Per consentire una crescita della Terraferma, è fondamentale adottare un approccio più flessibile e collaborativo, il coinvolgimento attivo degli operatori economici e un'azione tempestiva nell'adattare le normative urbane. Tuttavia, il progresso armonioso della città, è ostacolato dal punto di vista programmatico e legislativo, visto che i piani urbanistici vigenti sono spesso definiti da normative obsolete redatte decenni fa e non riescono più a soddisfare le necessità contemporanee della comunità e dell'economia locale. In questo scenario, Mestre ha l'opportunità di rinascere e di scrivere il suo futuro urbano, abbracciando nuove politiche di sviluppo.

Soluzioni come operazioni di brownfield, ovvero terreni o proprietà ex industriali da rigenerare, possono offrire benefici tangibili sia alla collettività che agli investitori. Anche gli strumenti finanziari possono incentivare interventi di rigenerazione, soprattutto in contesti dove la logica del mercato immobiliare non supporterebbe tali azioni, ad esempio le aree periferiche e marginali, generando entrate finanziarie per gli enti pubblici attraverso il concetto di "land value capture", vuoi tramite la cessione onerosa dei diritti edificatori - attingendo dall’esperienza antesignana del Comune di Milano adottata nel 2013 – ovvero tasse di scopo per sostenere la realizzazione di infrastrutture pubbliche o sull’incremento di valore immobiliare a seguito dell’intervento di rigenerazione; infine attraverso altri contributi di tipo parafiscale o contrattuale, finalizzati a dividere il valore generato, compensare o partecipare alla realizzazione di infrastrutture e servizi pubblici.

Malgrado le buone intenzioni, per realizzare concretamente queste iniziative, è necessario rivedere soprattutto i tempi e le normative legate alla pianificazione urbana: i lunghi iter burocratici delle varianti urbanistiche e le rigidità normative rischiano di frenare gli investimenti e di rallentare il processo di trasformazione urbana.
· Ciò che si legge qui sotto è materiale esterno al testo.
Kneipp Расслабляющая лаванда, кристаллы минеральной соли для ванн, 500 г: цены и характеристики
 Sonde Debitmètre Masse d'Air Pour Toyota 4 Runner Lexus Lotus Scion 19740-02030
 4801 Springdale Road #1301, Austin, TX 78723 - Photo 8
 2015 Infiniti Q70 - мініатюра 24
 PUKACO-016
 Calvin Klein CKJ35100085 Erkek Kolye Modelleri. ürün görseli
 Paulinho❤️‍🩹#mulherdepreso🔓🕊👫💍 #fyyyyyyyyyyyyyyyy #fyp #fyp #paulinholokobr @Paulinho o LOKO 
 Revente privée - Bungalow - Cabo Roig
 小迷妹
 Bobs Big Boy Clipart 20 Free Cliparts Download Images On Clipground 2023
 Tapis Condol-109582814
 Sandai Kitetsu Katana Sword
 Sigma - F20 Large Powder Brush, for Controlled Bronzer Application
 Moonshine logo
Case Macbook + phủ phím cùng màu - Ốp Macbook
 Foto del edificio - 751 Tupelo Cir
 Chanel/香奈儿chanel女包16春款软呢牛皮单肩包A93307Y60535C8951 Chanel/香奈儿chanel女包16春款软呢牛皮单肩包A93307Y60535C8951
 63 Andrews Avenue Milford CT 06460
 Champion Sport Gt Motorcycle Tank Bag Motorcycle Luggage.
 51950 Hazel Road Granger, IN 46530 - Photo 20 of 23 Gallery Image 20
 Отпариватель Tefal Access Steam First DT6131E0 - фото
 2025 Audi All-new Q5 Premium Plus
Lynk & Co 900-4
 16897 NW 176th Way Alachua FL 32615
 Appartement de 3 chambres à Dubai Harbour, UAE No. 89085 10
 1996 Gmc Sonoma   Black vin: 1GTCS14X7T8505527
In termini operativi è necessario premettere che, nell’attuale contesto immobiliare, la domanda ricorrente è: "Quali sono le possibilità secondo il piano regolatore vigente?".

È cruciale riformulare il problema in termini di "cosa non si può fare", considerando le prospettive della città, cittadini e dei decisori politici, nella zona specifica.

La chiarezza aiuterebbe gli operatori economici a capire cosa è permesso e cosa è vietato, mentre ai cittadini fornirebbe una percezione finalmente comprensibile del destino urbano.

Al contrario di quello che si potrebbe pensare, non si tratta solo un problema di politica:

il destino di Mestre non è ostacolato da inerzie delle amministrazioni. Basti pensare alla virtuosa gestione della giunta Costa, che ha dato vita al Parco San Giuliano, o alle successive amministrazioni che hanno cercato di ricucire dal punto di vista infrastrutturale Mestre e le sue municipalità. Il problema vero sono i tanti “comitati del no”, accomunati solo da una mancanza di prospettiva e di visione del territorio e dall’idea della “decrescita felice” e della stagnazione urbanistica.

Le infrastrutture strategiche sono già pronte ad abbracciare il cambiamento: ad esempio l'aeroporto Marco Polo, terzo in Italia, è già in procinto di rafforzare i collegamenti con l'alta velocità ferroviaria. Per Mestre, cancellare definitivamente l'etichetta di "brutto anatroccolo” di Venezia è possibile ma passa dall’imboccare una via fatta di garanzie e certezze per gli investitori, e da un dialogo costante con l'amministrazione, aprendo le porte a una città in cui sognare il futuro di ogni zona sia preferibile al vincolo di un piano regolatore antiquato.